Paul Flannery: It went through several iterations, from a technical standpoint, of either having two rooms where you have an audience watching what’s going on in another room, but that for me sort of betrayed everything that’s good about theatre. It’s about tying into that, finding the things that are good about Knightmare, that work and something that’s good for theatre. So having that live element, with things happening in front of you is much better. That led to the decision of “no, let’s just have everything in one room”. We watch the dungeoneer, we can see the team, we’re there with them. There’s nothing separate and then that opens up everything else, so instead of having CGI monsters you have massive puppets and you start getting into that sort of thing, which I really enjoy. All the sort of Jim Henson school of filmmaking.
In a strange way it’s going more old-school than the TV show in the ‘80s?
Yeah, in an odd way. Ideally in my mind I would absolutely dearly love to have the machine in Labyrinth, the drilling machine? With the little goblins all peddling on the back. That’s exactly what I want to see. You can see all the workings happening. You can see the goblins running around, putting props out because you can forgive so many imperfections. If this was a huge show, on Broadway or something, there would be transitions, curtains coming open and closed, there’d be lighting and huge props, huge sets. But we don’t have that so we get around that by having the team of goblins that are also the stage hands.
Did that fit in with the improvisation background that the main performers have, so concentrating more on that than having an organised, scripted experience?
Well, it was a script at first. It was a friend of mine, Tom Bell who first said “oh, it’s an improv show”. Before that I was writing vast swathes of script with speech trees and options of what people might say and where we’d go, which door leads to which room and you map out a whole dungeon and it becomes very complicated very quickly. And then Tom just went “oh it’s an improv show” and you have a character and you just play the ‘yes’ game and allow people to play out whatever’s going on in the scene.
Is that the point at which the crowd interaction element came into it or was that already there?
I think that was always going to happen. I think there’s a certain catharsis with the show where you remember shouting at the TV ‘I could do much better than that!’. That would naturally come out and I would never want to deny an audience or shush them or go ‘come on, you’re watching theatre’, so please just get involved and do shout out. They all want to help and if the goblins come on they all go nuts as well so it has led us to do more and more interaction, like where we’re getting them to decide what quest we’re having, what monster we’re going to have at the end and all that kind of thing. The more we can get the audience involved the better.
Knightmare is a cult show with a still strong, loyal following. How have they reacted? Have they got involved and supported you?
They’ve been incredible. Some of them run the Knightmare website and they’re incredibly supportive. They’ve been going since the internet was invented, basically.

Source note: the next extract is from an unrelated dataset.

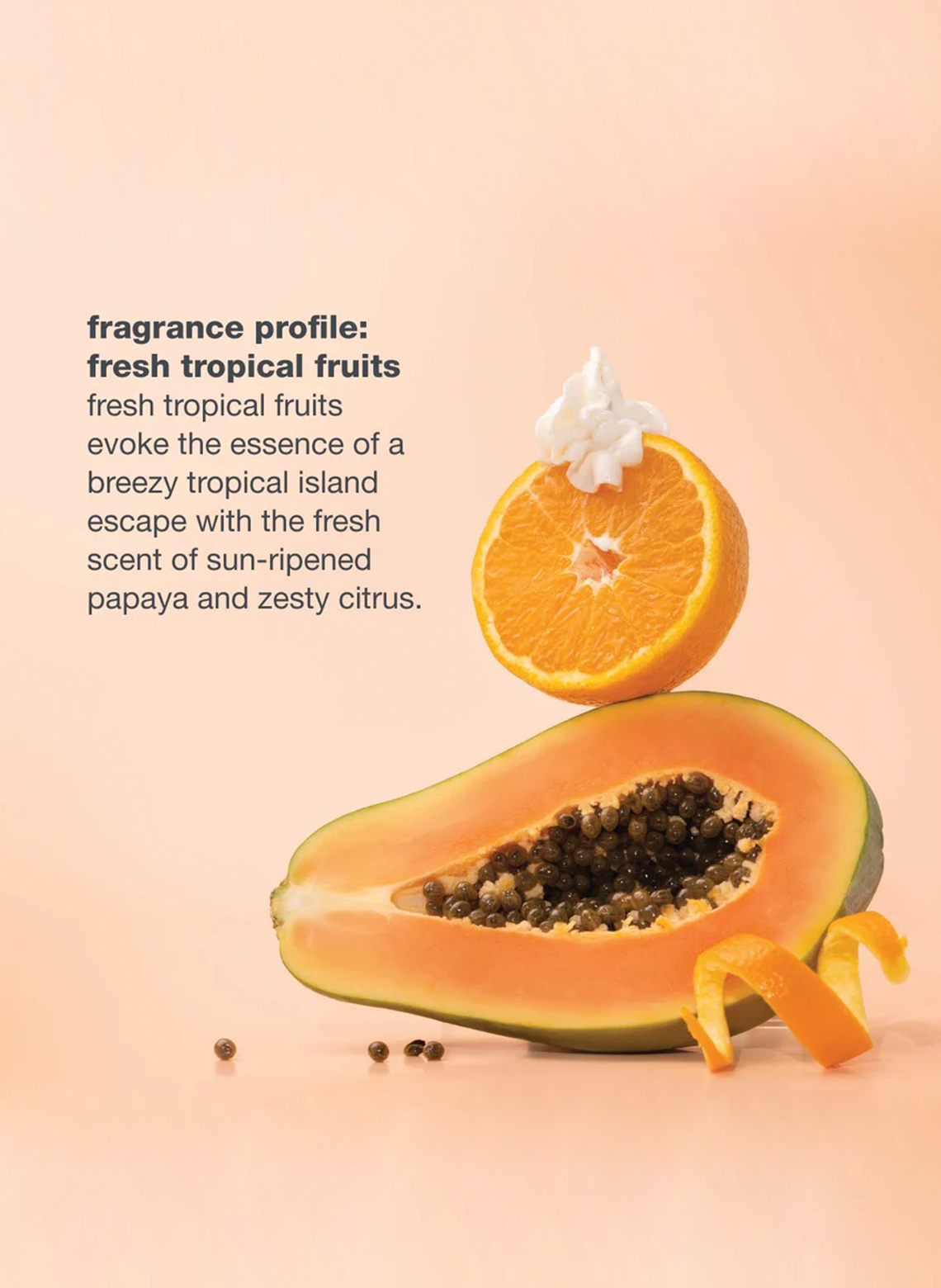 moisture & more shampoo 300ml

As soon as there were websites they made one and have kept that whole flame going. They’ve come down and played, they turn up to most of the shows, most of the iterations once a year they’ll come along. And I’m friends with a lot of them now, it’s really nice. So they’ve been really, really, really great. They helped us get in touch with some of the original actors and they’ve got such a bigger following than we have, again they really helped with getting the word out. It’s quite nice because for them they’ve been trying to keep alive the idea of this TV show that’s not been around for 25 years. Then all of a sudden there’s a new iteration of it and it’s happening and you can go and see Knightmare, it’s interesting.
Knightmare seems to fit in with the recent wave of ‘80s and ‘90s nostalgia. What are your thoughts on how important that is to people today, of tapping into those times perceived perhaps as more innocent?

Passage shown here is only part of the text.